**Requirement:** Some entries follow. Reproduce exactly the lines starting at the one with "Yanıklar ve Tedavileri" and stopping after the one with "혈액 검사 기계 — 스톡 사진".

**Records to use:**
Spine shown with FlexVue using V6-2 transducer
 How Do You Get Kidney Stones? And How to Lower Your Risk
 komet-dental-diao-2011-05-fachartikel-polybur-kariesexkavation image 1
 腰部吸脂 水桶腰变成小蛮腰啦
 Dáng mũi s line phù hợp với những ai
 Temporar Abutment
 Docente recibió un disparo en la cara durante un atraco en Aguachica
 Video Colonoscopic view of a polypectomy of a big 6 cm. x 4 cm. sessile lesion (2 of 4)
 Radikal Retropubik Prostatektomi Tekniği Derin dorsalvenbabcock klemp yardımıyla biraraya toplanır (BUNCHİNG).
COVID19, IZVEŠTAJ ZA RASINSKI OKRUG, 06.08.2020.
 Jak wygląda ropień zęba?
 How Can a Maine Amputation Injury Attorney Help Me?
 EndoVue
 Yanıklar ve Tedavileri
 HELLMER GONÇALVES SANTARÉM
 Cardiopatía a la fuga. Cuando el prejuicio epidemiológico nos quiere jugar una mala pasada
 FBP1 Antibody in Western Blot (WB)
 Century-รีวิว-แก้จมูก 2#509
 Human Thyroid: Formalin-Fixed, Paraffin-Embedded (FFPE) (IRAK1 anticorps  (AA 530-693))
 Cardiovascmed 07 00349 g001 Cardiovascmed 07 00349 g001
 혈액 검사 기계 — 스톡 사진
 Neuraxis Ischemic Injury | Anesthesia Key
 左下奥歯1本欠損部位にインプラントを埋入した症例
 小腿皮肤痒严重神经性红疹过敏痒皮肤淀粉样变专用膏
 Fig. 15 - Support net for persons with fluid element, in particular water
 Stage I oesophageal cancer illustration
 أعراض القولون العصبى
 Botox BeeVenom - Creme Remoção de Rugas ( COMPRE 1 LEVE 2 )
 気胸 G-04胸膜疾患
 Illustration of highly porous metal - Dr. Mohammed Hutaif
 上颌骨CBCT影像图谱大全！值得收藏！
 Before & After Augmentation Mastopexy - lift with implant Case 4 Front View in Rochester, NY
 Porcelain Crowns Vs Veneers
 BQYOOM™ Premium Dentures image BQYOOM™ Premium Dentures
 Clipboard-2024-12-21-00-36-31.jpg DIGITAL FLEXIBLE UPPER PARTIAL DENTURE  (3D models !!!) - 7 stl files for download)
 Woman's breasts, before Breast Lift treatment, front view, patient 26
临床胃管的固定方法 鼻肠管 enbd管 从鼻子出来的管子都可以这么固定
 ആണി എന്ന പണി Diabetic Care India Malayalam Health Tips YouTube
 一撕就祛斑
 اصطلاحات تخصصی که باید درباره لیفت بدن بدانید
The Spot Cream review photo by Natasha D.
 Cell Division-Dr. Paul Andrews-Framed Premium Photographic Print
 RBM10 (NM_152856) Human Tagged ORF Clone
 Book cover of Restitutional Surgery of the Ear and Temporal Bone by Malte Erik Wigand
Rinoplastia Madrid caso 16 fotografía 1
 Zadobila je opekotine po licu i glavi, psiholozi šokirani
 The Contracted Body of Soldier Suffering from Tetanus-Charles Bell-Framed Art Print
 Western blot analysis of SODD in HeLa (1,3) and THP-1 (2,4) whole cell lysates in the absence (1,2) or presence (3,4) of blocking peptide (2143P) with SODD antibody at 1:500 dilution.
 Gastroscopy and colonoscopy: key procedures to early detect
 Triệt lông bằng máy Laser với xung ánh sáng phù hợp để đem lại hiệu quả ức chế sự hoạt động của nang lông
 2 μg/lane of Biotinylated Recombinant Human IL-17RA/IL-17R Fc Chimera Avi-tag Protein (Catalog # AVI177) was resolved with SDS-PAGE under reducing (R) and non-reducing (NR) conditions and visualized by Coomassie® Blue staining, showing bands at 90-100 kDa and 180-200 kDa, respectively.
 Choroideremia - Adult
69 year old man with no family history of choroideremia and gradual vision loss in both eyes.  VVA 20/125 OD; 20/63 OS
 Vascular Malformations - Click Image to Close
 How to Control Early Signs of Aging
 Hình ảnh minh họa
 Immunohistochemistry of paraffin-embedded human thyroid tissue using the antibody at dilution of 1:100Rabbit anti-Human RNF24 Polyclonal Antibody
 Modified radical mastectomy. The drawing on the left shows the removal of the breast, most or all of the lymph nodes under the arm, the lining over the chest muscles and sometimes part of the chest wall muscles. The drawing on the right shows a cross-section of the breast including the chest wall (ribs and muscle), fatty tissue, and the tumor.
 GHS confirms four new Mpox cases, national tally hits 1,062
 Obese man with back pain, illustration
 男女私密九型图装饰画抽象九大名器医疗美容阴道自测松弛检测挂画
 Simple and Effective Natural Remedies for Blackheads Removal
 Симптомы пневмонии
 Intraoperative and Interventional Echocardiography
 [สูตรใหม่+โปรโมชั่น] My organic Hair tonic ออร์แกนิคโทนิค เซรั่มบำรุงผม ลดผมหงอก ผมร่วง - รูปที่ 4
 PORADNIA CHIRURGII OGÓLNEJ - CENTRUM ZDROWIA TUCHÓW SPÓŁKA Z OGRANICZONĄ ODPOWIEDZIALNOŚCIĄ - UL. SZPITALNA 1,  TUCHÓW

**Task solution:**
 Yanıklar ve Tedavileri
 HELLMER GONÇALVES SANTARÉM
 Cardiopatía a la fuga. Cuando el prejuicio epidemiológico nos quiere jugar una mala pasada
 FBP1 Antibody in Western Blot (WB)
 Century-รีวิว-แก้จมูก 2#509
 Human Thyroid: Formalin-Fixed, Paraffin-Embedded (FFPE) (IRAK1 anticorps  (AA 530-693))
 Cardiovascmed 07 00349 g001 Cardiovascmed 07 00349 g001
 혈액 검사 기계 — 스톡 사진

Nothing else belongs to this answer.